» **REQUIRED ACTION**
Each line that contains the word "standing" is to be copied from the records below.

------ SOURCE DATA

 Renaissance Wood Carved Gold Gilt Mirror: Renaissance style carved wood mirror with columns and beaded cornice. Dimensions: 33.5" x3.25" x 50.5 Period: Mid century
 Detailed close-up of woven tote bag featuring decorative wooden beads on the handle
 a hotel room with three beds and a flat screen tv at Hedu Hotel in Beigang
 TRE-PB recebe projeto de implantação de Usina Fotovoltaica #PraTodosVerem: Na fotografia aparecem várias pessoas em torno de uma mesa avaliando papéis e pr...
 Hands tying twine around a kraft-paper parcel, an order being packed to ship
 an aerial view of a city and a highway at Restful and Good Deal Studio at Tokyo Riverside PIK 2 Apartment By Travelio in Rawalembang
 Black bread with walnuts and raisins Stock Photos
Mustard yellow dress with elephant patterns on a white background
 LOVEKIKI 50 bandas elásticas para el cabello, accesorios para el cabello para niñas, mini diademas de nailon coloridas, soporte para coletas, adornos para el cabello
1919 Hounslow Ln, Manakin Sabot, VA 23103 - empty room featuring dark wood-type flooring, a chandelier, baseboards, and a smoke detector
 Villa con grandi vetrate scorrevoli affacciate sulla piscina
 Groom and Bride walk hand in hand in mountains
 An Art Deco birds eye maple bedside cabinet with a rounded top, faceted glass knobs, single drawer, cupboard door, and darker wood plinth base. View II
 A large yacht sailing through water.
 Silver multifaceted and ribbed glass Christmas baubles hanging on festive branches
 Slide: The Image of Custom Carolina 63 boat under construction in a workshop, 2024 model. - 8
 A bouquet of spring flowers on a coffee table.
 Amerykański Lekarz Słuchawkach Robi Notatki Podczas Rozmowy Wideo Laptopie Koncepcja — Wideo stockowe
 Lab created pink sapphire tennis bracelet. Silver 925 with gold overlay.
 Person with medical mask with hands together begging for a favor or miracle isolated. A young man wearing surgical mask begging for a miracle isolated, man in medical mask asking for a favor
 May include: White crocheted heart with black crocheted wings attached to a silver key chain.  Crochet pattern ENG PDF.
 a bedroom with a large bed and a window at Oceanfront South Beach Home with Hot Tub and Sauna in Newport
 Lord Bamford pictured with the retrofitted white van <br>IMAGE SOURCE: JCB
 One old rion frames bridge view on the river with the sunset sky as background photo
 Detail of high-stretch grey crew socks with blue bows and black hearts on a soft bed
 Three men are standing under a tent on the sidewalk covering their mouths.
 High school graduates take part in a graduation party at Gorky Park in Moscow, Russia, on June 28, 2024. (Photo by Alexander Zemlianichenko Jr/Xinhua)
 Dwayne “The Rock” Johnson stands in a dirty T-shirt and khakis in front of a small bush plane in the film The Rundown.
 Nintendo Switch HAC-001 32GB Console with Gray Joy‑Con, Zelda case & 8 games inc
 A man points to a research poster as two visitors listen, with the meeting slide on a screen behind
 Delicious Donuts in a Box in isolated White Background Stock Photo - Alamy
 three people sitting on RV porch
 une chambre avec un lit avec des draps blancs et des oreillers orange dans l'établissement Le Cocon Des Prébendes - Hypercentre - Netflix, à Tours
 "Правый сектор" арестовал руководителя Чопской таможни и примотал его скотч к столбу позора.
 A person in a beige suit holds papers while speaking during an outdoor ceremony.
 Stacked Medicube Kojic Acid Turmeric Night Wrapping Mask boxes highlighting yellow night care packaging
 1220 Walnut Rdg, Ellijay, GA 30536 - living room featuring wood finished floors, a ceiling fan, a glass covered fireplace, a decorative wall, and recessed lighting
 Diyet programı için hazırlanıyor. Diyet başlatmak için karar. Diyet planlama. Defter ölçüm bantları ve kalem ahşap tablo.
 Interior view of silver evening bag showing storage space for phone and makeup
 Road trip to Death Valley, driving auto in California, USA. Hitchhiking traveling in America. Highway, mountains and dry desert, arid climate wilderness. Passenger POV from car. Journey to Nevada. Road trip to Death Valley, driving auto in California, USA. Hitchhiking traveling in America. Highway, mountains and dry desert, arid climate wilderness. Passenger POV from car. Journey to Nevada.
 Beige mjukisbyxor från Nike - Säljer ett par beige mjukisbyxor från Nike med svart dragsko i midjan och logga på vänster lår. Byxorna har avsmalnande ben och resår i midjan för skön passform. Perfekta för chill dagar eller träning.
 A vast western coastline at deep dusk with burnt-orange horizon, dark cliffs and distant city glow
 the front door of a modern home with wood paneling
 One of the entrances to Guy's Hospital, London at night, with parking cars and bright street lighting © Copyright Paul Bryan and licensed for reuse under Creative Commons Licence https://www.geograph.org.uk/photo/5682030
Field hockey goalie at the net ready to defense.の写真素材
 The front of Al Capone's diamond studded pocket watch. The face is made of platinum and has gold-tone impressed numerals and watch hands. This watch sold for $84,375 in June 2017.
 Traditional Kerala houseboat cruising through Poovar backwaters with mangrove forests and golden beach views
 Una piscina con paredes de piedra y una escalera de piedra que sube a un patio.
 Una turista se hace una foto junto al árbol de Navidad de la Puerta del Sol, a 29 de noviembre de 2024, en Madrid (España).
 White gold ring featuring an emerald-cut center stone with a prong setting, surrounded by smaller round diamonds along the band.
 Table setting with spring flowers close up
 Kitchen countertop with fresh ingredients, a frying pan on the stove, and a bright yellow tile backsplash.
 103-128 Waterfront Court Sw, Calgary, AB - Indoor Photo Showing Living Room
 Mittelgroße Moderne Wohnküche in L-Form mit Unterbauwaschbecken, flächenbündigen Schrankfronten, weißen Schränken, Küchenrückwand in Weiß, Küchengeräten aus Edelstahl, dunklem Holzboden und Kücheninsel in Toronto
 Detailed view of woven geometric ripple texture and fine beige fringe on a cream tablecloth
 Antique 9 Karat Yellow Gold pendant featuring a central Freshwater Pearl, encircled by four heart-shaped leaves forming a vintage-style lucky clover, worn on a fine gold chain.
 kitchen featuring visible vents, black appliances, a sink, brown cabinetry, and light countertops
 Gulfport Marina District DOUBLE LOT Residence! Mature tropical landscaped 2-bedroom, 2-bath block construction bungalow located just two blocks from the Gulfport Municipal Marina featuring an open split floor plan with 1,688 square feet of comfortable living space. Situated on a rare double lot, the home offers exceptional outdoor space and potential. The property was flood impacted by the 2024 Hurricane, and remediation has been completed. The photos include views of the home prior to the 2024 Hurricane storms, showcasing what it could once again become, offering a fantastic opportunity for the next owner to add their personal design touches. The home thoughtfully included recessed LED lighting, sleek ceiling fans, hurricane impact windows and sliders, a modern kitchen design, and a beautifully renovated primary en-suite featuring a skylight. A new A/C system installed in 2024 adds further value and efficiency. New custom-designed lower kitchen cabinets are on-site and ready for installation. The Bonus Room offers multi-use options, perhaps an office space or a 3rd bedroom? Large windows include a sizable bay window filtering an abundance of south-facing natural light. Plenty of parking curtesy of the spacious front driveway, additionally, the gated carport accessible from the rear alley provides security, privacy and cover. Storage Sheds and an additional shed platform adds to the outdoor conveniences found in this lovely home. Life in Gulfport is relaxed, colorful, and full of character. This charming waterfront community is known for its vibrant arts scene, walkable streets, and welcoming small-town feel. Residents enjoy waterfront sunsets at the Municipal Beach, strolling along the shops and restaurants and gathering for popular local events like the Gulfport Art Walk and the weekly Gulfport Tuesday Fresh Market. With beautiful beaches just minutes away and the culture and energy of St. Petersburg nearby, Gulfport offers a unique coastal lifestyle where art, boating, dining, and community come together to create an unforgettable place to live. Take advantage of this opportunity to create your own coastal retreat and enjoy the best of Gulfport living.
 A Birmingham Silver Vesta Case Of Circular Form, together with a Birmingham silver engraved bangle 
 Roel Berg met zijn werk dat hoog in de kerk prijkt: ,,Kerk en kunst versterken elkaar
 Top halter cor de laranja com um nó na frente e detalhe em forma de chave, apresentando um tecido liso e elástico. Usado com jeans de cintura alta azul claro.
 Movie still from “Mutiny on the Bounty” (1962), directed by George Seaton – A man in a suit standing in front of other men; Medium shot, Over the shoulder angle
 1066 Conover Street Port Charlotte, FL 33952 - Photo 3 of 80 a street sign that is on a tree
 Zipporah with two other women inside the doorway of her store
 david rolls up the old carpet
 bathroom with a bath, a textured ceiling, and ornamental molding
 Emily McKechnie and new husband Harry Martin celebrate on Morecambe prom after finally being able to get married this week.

------------

» **ANSWER**
 Three men are standing under a tent on the sidewalk covering their mouths.
 Movie still from “Mutiny on the Bounty” (1962), directed by George Seaton – A man in a suit standing in front of other men; Medium shot, Over the shoulder angle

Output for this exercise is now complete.